Les lèvres de Cécilia s’étirèrent un peu plus, levant un voile de frisson sur le corps de son frère.
Qu’a-t-elle derrière la tête ? Encore à manigancer un truc bizarre ! pensa-t-il.
Savoir tourna la tête vers le grand brun et posa sur lui un regard stupéfié.
Il sourcilla, perturber par le garçon. Sa bouche s’entrouvrit à peine. Son expression habituellement froide, se réchauffa et ses joues s’empourprèrent très légèrement. Cécilia s’étonna de la réaction de son frère, sans rien faire paraître. Rare était les fois où les émotions traversaient son visage.
— Je crois qu’on n’aura pas mieux dans l’immédiat, j’espère que tu es patient ! dit-elle à Lueur. Excuse mon frère, il est un peu lent avec ses congénères.
Elle le précisa, sans que le rouquin réagisse.
Lueur étouffa un rire.
— Je le suis dans les grandes occasions, je ferais un effort pour Savoir.
Les mots de Lueur lui parvinrent, cependant, il resta encore un instant à le dévisager.
N’était-il pas le garçon qu’il avait entrevu, il y a quelques jours, celui dont il avait esquissé et collé le portrait sur le mur jouxté à son bureau.
Savoir demeura statique, la bouche toujours entrouverte, et contempla le visage blanc de son vis-à-vis. Il arrivait enfin à voir le détail et ce regard lourd et pénétrant. Le garçon était encore plus beau à regarder que la première fois. Sa figure était envoûtante, structurée dans un ovale parfait. La longueur de ses cils noirs ourlés adoucissait à peine la puissance de son regard tentateur. Savoir vit en Lueur une muse, ou quelque chose qui s’y apparentait. Pour tout ça, il resta muet, incapable d’allonger son bras pour une poignée de main.

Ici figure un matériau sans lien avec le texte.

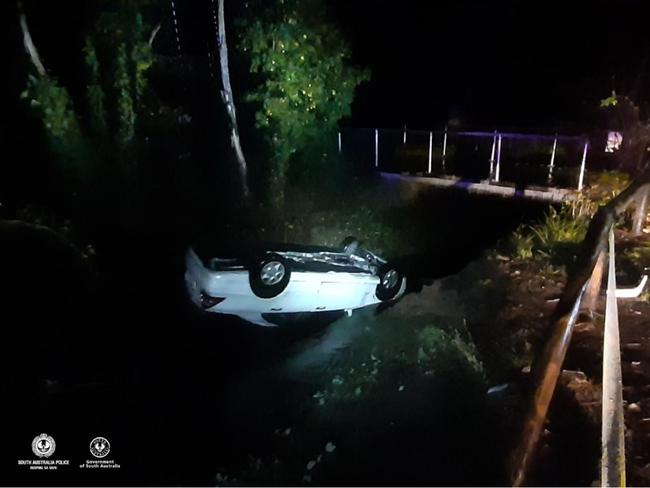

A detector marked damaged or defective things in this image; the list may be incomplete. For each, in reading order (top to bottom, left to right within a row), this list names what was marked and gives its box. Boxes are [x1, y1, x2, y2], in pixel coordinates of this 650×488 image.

overturned white car [184, 238, 404, 326] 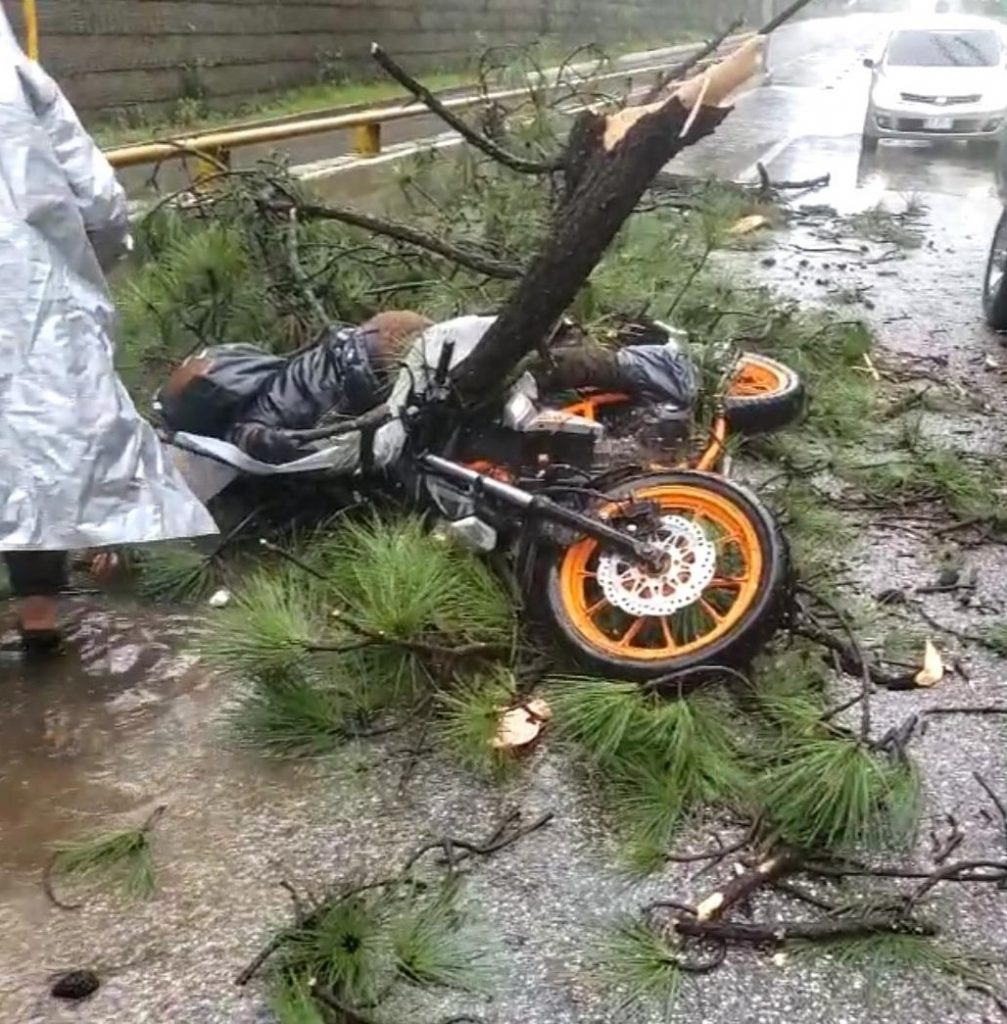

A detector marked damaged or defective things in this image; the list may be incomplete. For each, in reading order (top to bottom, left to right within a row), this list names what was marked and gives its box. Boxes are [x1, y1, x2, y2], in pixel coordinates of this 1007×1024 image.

crashed motorcycle [161, 320, 808, 680] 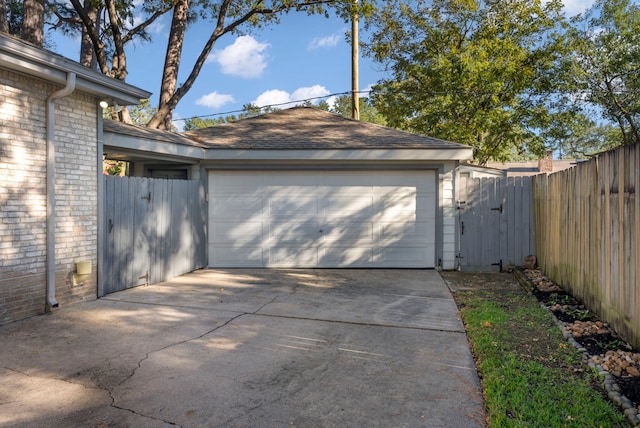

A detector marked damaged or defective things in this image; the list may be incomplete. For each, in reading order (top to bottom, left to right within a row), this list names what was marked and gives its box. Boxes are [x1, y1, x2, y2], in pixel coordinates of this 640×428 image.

— Intéressant, s’amusa Lueur en le fixant à son tour. Gardera-t-il le silence ?
— C’est une probabilité. Tu verras, mon frère sait parler. Je t’accorde qu’on ne le dirait. Il semble un peu empoté, mais ça lui arrive d’être passionné. Peut-être l’impressionnes-tu un peu ?

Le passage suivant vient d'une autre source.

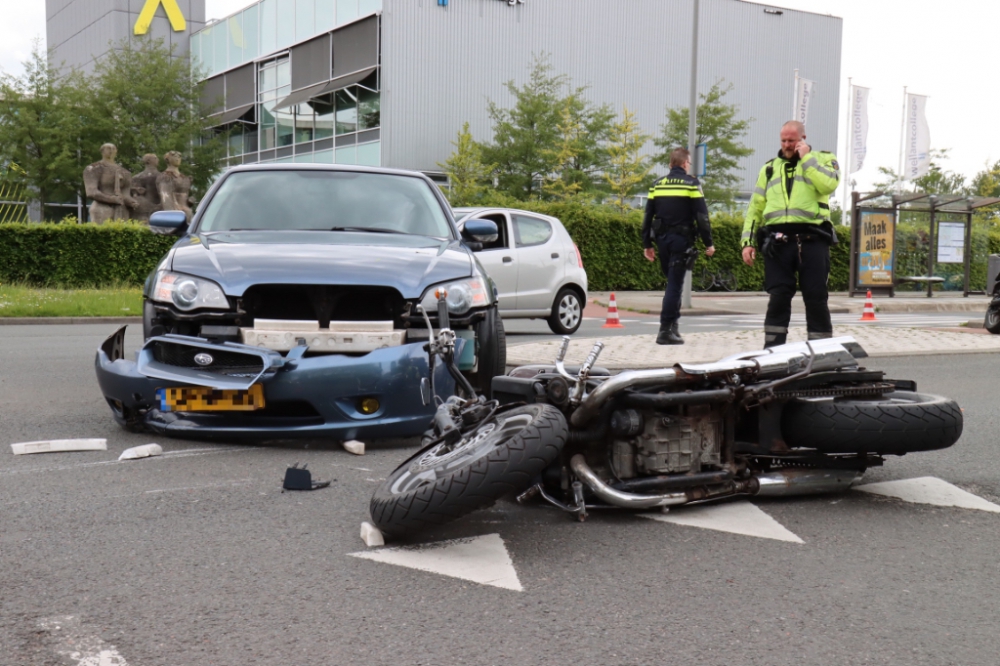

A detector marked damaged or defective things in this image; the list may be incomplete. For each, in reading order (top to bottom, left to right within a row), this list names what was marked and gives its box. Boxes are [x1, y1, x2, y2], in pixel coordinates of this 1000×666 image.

detached front bumper [95, 324, 462, 438]
damaged blue car [94, 163, 504, 438]
crashed motorcycle [372, 298, 964, 536] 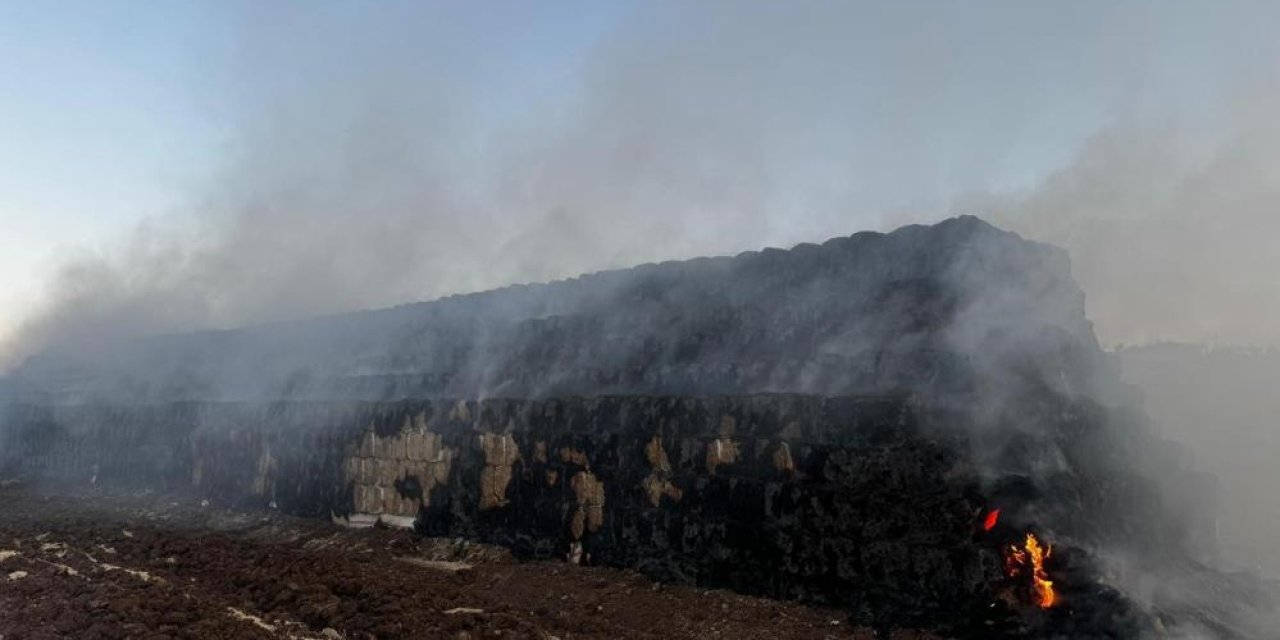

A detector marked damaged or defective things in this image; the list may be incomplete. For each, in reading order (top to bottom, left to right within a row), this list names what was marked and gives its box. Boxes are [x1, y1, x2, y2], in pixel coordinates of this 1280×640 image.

burnt debris pile [0, 217, 1264, 637]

La remarque de Cécilia resta indifférente dans l’oreille du rouquin et fit sourire un peu plus le prince.
— Et toi, est-ce que je t’impressionne ?
— Malheureusement non, jeune prince.
— Oh ! Non… Lueur. Il n’y a pas de prince ici.
— Comme il te plaira. Navrais pour mon frère. Ce n’est pas dans ses habitudes de dévisager quelqu’un !
— Puis-je croire que c’est de bon augure ?
Son rit détonna dans la pièce, suivi de celui de Cécilia.
Plus, ses lèvres s’étiraient, plus celles de Savoir s’entrouvraient. Cécilia avait rarement vu son frère dans cet état, hormis lorsqu’il allait au musée avec Confidence, et qu’il observait les muses en marbres et leur nudité.
— Bon, je vais à ma place, alors. Ravie de cet échange, dit Lueur en s’éloignant d’eux.
Savoir ne quitta pas le prince des yeux, complétement chamboulé par ce qu’il n’aurait pu clairement expliquer.
Cécilia, elle, les regardait l’un après l’autre et arqua un sourcil.
Après s’être assit, elle murmura pour elle :
— Je sens la romance à plein nez. Ouh, comme ça va être drôle ! Pauvre Lueur.
Le cours commençait, Lueur visualisa le tableau, alors que Savoir poursuivait son analyse. Même de côté le prince avait quelque chose d’insaisissable. Ça lui faisait peur. Il se promit de ne pas se retrouver seul avec lui, craignant pour sa vie ou pour son cœur. Mais n’était-ce pas la même chose ?
Une main sur sa poitrine et il répudia les battements féroces qui s’activaient idiotement.